Friday, January 06, 2006

If It Looks Like a Brownie and Smells Like a Brownie...

You know how we have this president who seems to think that congressional oversight, judicial constraints, the Constitution, and other people's opinions (unless you can keep them under 10 minutes and accompanied by a camera crew) are merely obstacles to overcome on the path to supreme and ultimate power?

Yeah, well, King George is at it again. The other day, he made seventeen recess appointments. That's seventeen of the best and brightest Bush cronies with little or no experience installed at the highest levels of government. A recess appointment is supposed to be used in emergencies. For example, say the secretary of state dies while congress is on vacation. The president can install a new secretary of state and they have something like a year term, during which he can nominate him to the Senate for regular approval. Bush's own party controls the Senate as you may recall, but these seventeen Bush BFFs are so grossly unqualified that he was worried they wouldn't get approved, even by that pack of obsequious ass-kissers. So he shoved them into office, like the good little dictator he is, while everyone was out of town, or more accurately just before everyone got back. Some highlights:

  • Julie Myers (Head of the Immigration and Customs Enforcement bureau at the Department of Homeland Security): Myers, a niece of former Joint Chiefs of Staff chairman Richard B. Myers and the wife of the chief of staff to Homeland Security Secretary Michael Chertoff, had been criticized by Republicans and Democrats who charged that she lacked experience in immigration matters.

    Myers's nomination faced a bruising and potentially embarrassing fight on the Senate floor, where Democrats were prepared to argue that politics, not merit, drove her selection for an important job preventing terrorists and weapons from entering the country.

  • Hans von Spakovsky (Federal Election Commission – you know, the agency that makes sure the voting is fair and accurate): played a key role in the Texas redistricting case. Minority rights groups have questioned his role in overruling career Justice lawyers who recommended rejection of the Texas redistricting map on grounds that minority voters would be harmed. [Ed. – that quote is being too kind. He overruled over a dozen career Justice lawyers who unanimously declared that redrawing the Texas voting map was unconstitutional.]
But the winner of this year's most grossly unqualified for the job, most blatantly politically motivated crony appointment is...
  • Ellen Sauerbrey (Assistant Secretary of State for Population, Refugees, and Migration): With a $700 million annual budget, the department formulates America's response to refugee crises all over the world. So in October 2005, when Bush picked Ellen Sauerbrey, right-wing social conservative with little background in international affairs, to replace Arthur ("Gene") Dewey, a career foreign policy official, newspapers all over the country -- including the New York Times, the Washington Post, the San Antonio Express-News, the Miami Herald and the Charlton Gazette -- came out against her. During her October Senate hearings, Sen. Barack Obama, D-Ill., said, "It doesn't appear that you have very specific experience." Given Sauerbrey's weak résumé for the position, Sen. Barbara Boxer, D-Calif., convinced the Senate Foreign Relations Committee to put off a vote on her nomination until after the winter break. At the time, there seemed a slim possibility that the appointment would be defeated.
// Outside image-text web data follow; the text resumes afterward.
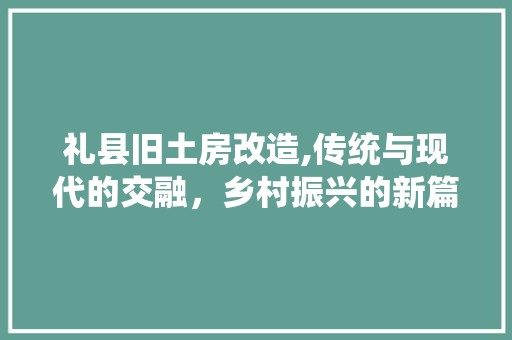 礼县旧土房改造,传统与现代的交融，乡村振兴的新篇章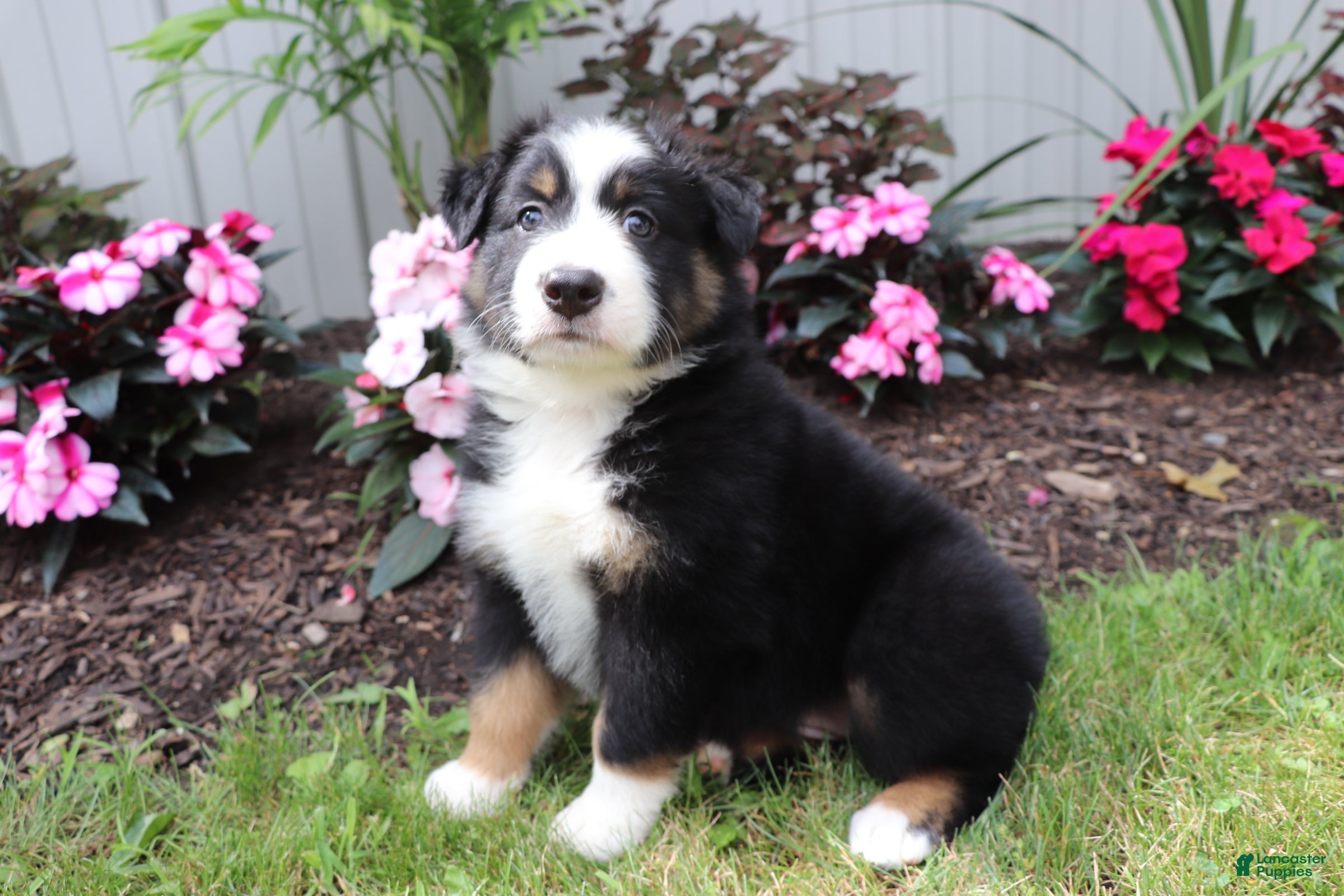 Australian Shepherd dogs for sale: Blackie - Ad 3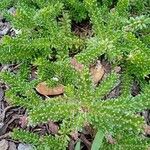 Grevillea lanigeraBlodyn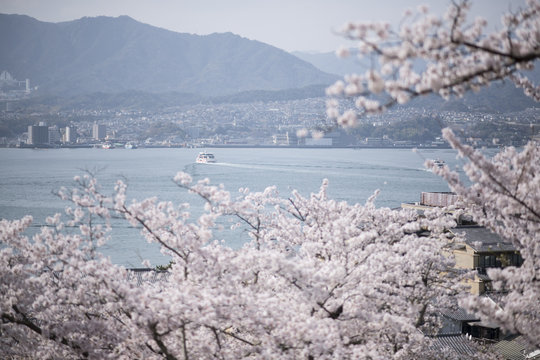 宮島の桜
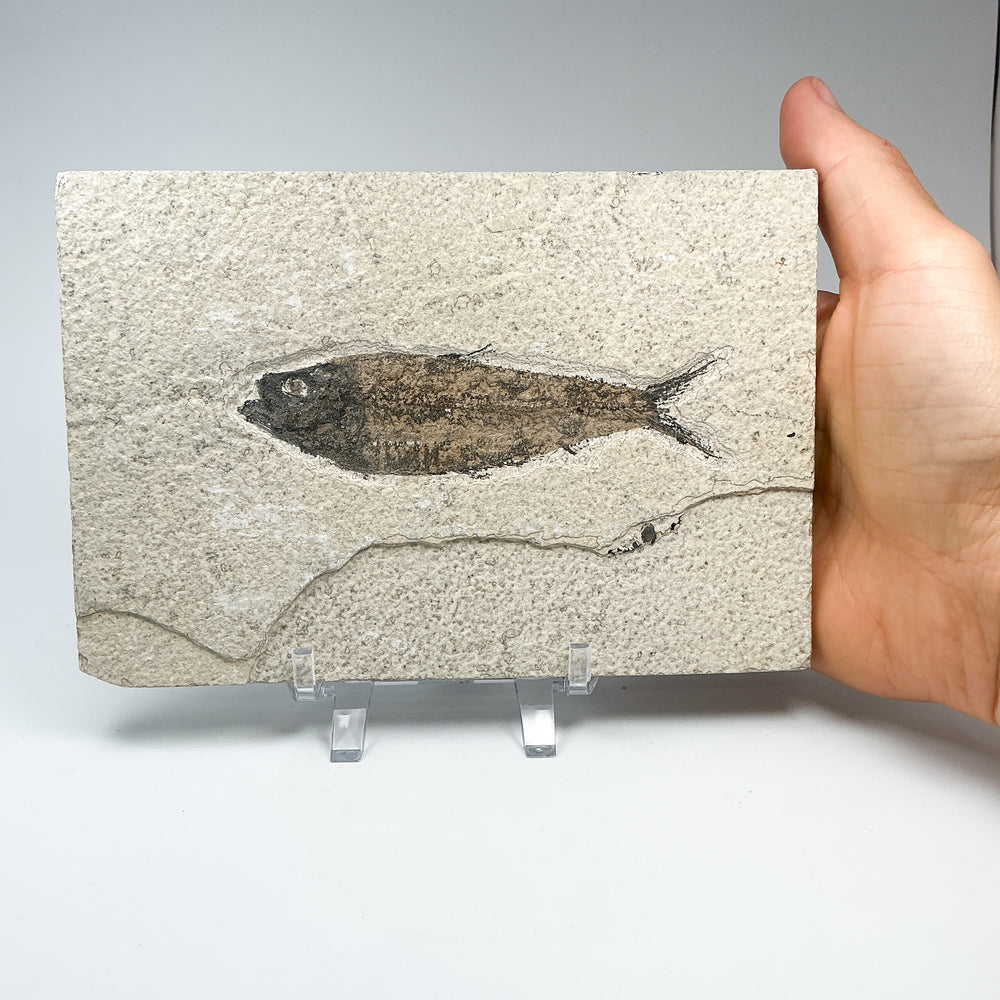 Fish Fossil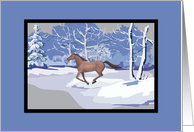 Scenic Winter Mustang Horse Christmas Cards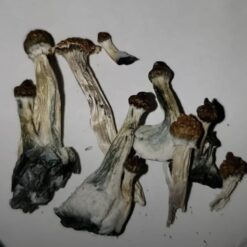 Brazilian cubensis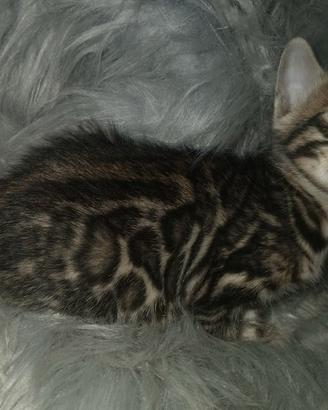 Dolcissima Bengala colore brown freddo,pedigree af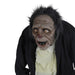 34289231 Holiday/Halloween/Halloween Indoor Decor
    Her lack of qualifications are so glaring that two of the last three people to hold the position -- Democrat Phyllis E. Oakley and Republican Julia Taft, both of whom served under Clinton -- signed a letter to the Senate Foreign Relations Committee opposing her confirmation.

    "Her job description is to help coordinate humanitarian assistance across the globe, but it's clear that her first concern will always be to appease America's extreme right," Rep. Carolyn Maloney, D-N.Y., tells Salon in an e-mail. "There's a reason the president had to sneak this appointment past the Senate. I am sure when her appointment ends in a year, the president will proclaim that she did a 'heckuva job,' just like he told Michael Brown, but I fear that the world community will be telling a different story."

    The comparison to Brown may be misleading, though, as Sauerbrey will have to deal with significantly more complex crises involving wars and disasters all over the world.

    A darling of the religious right, Sauerbrey lost two races for the Maryland governorship and went on to become a TV talk show host and Maryland chairman of Bush's 2000 presidential campaign. She had no international experience until Bush appointed her U.S. ambassador to the U.N. Commission on the Status of Women. There, she was notorious for her active opposition to programs that expand women's access to contraception. She infuriated representatives of other countries by working to scuttle international agreements that codify women's right to reproductive healthcare. In March, she was loudly booed by delegates at a U.N. women's conference in New York -- a rare occurrence -- for her comments endorsing abstinence education as the best way to fight HIV.
There you have it folks, Michael Brown on an international scale. A woman in charge of refugee crises who thinks the best way to solve the world's problems is to stop sinning. God fucking help us.

1 comment:

Matthew Smith said...

Perhaps Michael Brown is too kind a comparison. Brownie was simply inept; Sauerbrey sounds dangerously devious - think Dick Cheney with a B-cup.

On second thought, don't think about Dick Cheney with a B-Cup. No one needs that kind of nightmare.